Don’t rise early to see this ‘Dawn’

In the remake of “Red Dawn,” Russians seize the East Coast while North Korea conquers and occupies the entire Pacific Northwest. Our last hope is a handful of high school football players, nerds and cheerleaders trying their luck with rocket launchers. So it’s Kim Jong-un versus Some Young Dumb ’Uns.

After paratroopers rain down, the NorKs win over lefty sympathizers with an Occupy Wall Street-like platform of blaming “corporate corruption,” but a large portion of the country remains unconquered: We’re told that from “Michigan to Montana, Alabama to Arizona,” the American way lives on. That sounds like a right-wing fantasy to break off the coasts like crusts of bread. Yet I can hear bicoastal types murmuring, “Wait, we can unload those yokels in the fly-over states in exchange for Communist rule? Win-win!”

The 1984 “Red Dawn” was mediocre, but at least it was warmed by the nutty energy of its writer-director, John Milius, who seemed alarmingly intrigued by the second half of the injunction “Beat the Russians or die trying.”

This time, North Koreans take Spokane. “North Koreans? It doesn’t make any sense,” someone says, speaking for all the head-scratchers in the audience. It makes perfect sense if you consider that the Chinese were originally scripted as the villains, but nobody wants to mess with them anymore, not even in a movie.

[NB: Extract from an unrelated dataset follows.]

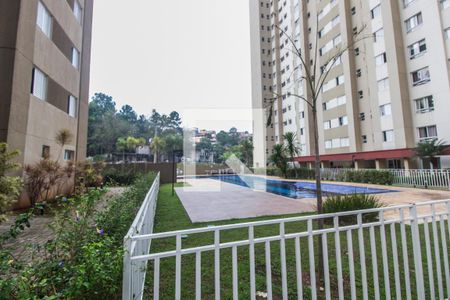 Apartamento para alugar com 60m², 2 quartos e 1 vagaPiscina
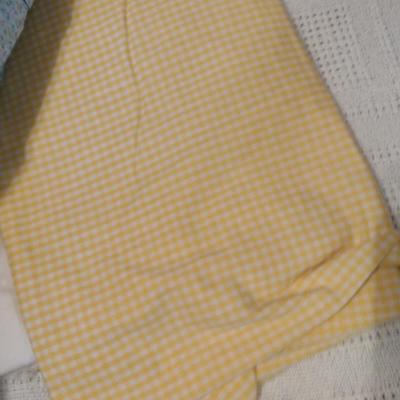 Collection of Fabric for Sewing/Crafting (#2)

Fleeing the NorKs and launching a guerrilla movement are Marine Jed Eckert (Chris Hemsworth of “Thor”), who is back from a tour in Iraq, and his little brother Matt (Josh Peck), a high school football star. They and Matt’s girl (Isabel Lucas), a geek (Josh Hutcherson), the mayor’s son (Connor Cruise) and Jed’s former camping buddy Toni (Adrianne Palicki) set up a base camp in the woods from which they launch unpredictable attacks. Whenever they win a skirmish, they scream their bloodcurdling cry, “Mighty Ducks!” Er, I mean, “Wolverines!”

The remake reuses highlights from the first film, but the two new screenwriters’ big ideas for freshening up the material are woeful. Remember when the lads kill a deer and make the youngest drink a cup of its blood? This time the kid calls it a “blood latte.” When stuck living in the woods, they say they miss playing “Call of Duty.” “Dude, we’re living ‘Call of Duty,’ and it sucks,” says another guy. A problem with the movie is that you can’t picture anyone involved in it bothering to do any more research into guerrilla warfare than was available from the nearest Xbox.

The director, a rookie named Dan Bradley, did the action scenes in the “Bourne” movies, but here the firefights are clumsily edited, unexciting, routine. When, for instance, the Wolverines disrupt a public execution with an ambush from the rooftops, you can’t tell how they pulled off the raid. All we know is a bunch of shots are fired, and when it’s over our guys are the ones still standing. Bradley can’t even find a fresh way to do a training montage.

And those scenes are Bradley at his best; when it comes to emotional stuff, like the romances between the two couples, he is MIA. The dull, predictable direction is the perfect match for a watery, nondescript cast. Patrick Swayze wasn’t much of a movie star, but he might as well have been Marlon Brando compared to Chris Hemsworth.